The Miami Marlins are 15-28 but no need to panic. Take a trip out west to Los Angeles, California to face the Los Angeles Dodgers and regroup per se. That was the thought process on the flight out to “LA-LA.” The Marlins finished the four-game series versus the Dodgers 1-3 overall with the next stop in Oakland for two games.
I Googled the unwritten rules of baseball, and I could not find the unwritten rules. I state this because the series out west became chippy in the second game loss to the Dodgers. Plus, the Marlins have not been playing well collectively. Miami needed it as they won the game the next day, its one win in the series.
The Marlins have been in a slump that has included two five-game losing streaks and now they have gone four weeks since posting back-to-back wins, with the last instance coming on April 23 — a Sunday.
In Friday’s game, Miami slugger Giancarlo Stanton led off the ninth and Dodgers reliever Ross Stripling’s first pitch went behind his lower back. Stanton did not charge the mound, but began a slow walk forward as players streamed onto the field. Stripling also said the pitch simply got away from him.
This one had a little bit of everything: Dodgers pitcher Alex Wood extending his scoreless streak, balls leaving the yard and players clearing the benches. But the benches clearing benefited the Marlins.

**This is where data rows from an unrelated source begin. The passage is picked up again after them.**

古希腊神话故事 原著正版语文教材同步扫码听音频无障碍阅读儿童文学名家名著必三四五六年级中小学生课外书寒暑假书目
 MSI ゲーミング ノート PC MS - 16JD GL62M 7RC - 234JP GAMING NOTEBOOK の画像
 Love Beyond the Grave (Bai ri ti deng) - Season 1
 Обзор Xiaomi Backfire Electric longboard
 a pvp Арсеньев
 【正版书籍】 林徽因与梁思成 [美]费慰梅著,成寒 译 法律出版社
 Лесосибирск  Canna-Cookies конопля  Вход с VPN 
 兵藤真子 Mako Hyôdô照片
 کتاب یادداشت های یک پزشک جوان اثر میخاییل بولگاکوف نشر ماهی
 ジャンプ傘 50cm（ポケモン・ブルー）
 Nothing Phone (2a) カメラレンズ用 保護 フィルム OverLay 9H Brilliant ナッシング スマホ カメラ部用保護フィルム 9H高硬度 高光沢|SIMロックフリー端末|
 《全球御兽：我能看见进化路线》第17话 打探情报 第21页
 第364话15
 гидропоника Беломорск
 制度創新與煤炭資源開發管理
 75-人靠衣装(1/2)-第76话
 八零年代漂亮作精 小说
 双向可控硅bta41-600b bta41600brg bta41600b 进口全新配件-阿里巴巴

Marlins skipper Don Mattingly and Dodgers coach Bob Geren (former Yankees teammates) exchanged heated words during the benches-emptying ninth and had to be restrained from each other. Mattingly said he was initially upset that the Dodgers were swinging at 3-0 pitches in the eighth with a 5-0 lead: “When Geren is out there yelling at my guy, he has to go through me,” Mattingly said. “We aren’t going to have that.”
Don Mattingly was ejected. Playing his former team. Do something to get the fish cooking. However, Mattingly’s ejections could earn him a spot in the record books. The manager of the Marlins was ejected on Friday night for the fourth time this season, putting him on pace to shatter the single-season record for heave-hos by a major-league manager, an unofficial mark that has stood for 112 years. John McGraw was tossed 13 times in 1905, according to Baseball Almanac.
The wins need to be greater than the ejections though.